Was loss was caused by any breach?
The fact a loss had been suffered is not of itself evidence of negligence. The court queried whether there was anything that could have been done to sell at the last minute and concluded that the cause of the company’s collapse was the unforeseen systemic liquidity crisis among the banks; so the plaintiffs had not proved that the decisions taken in fact caused any financial loss to the company.
Smoking guns sometimes fire duds
- Unhelpful comments in emails such as “ignored the canaries in the coal mine for too long, we should have done a more substantial fix last fall” were explained as being extravagant comments made to connected parties for PR purposes or as unconsidered comments.
- Alleged misleading statements in the company’s reporting documents could be disregarded for these purposes as they had no causative effect on the losses.
- Criticism of some of the detail of the information provided to the board being inaccurate in places did not go anywhere because it could not be shown that, if accurate, it would have affected the ultimate decision being taken, which was between the hold or the sell course. Suggesting it would was mere speculation.
Directors with skin in the game
Directors investing their own monies in the company supported the case that they believed it would survive and not become insolvent.
The defence did derive some small support from the attitude of a top-4 audit firm at and before the board meetings and the signing off on the annual report, in all of which they had expressed no qualms about the company’s position as a going concern or the good sense of continuing the hold strategy.
A lack of meetings may be evidence from which it can be inferred that directors did not give sufficient regard to the affairs of the company, but the court held there was no rule requiring directors to hold more than quarterly meetings: there could be emails and phone calls instead. Meetings are a tool to be deployed appropriately but were not the only way to manage the process
It was noted that, in times of crisis, holding meetings can be a diversion and more in the personal interests of directors to protect themselves than in the best interests of the company.
Concise board minutes
In relation to board minutes, the court held that the only legal requirement was for “the proceedings” to be recorded. The court concluded: “When the possibility of later recriminations or investigations by outsiders is considered, the laconic style of minute taking, leaving no hostage to fortune, may reasonably appear to be preferable.”
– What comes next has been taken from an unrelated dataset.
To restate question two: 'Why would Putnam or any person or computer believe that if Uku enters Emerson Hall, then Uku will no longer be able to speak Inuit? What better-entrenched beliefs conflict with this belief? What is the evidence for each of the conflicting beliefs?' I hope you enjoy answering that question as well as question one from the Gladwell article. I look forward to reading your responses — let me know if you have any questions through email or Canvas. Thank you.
In making multiple amendments to the board minutes, the court commented that the directors could accept the guidance of their lawyers as to what is necessary, correct or appropriate to include when amending minutes.
Investment guidelines are not absolute
Allegations that investment guidelines were not being reinstated or board meetings being held were viewed by the court as absurdly unreal because the guidelines had been overtaken by events and were no longer necessary or appropriate. The only decision was whether to hold or sell.
The court felt the claimants should limit their claims to the core ones. Pleading additional claims and allegations did not help if:
- they were repetitive and/or used exaggerated language
- they were allegations which had no effect on the key matters alleged to have caused the loss
- they confused concepts of honesty and competence: this could lead to unduly restricted and flawed analysis. Fiduciary duties are concerned with concepts of honesty and loyalty not with competence; duty of care is concerned with competence. There is a bright line between competence and honesty/loyalty.
There is everything to be gained by ensuring an effective email record of decision making is kept and maintained, and that clearly helped in establishing honesty and the success of the defences.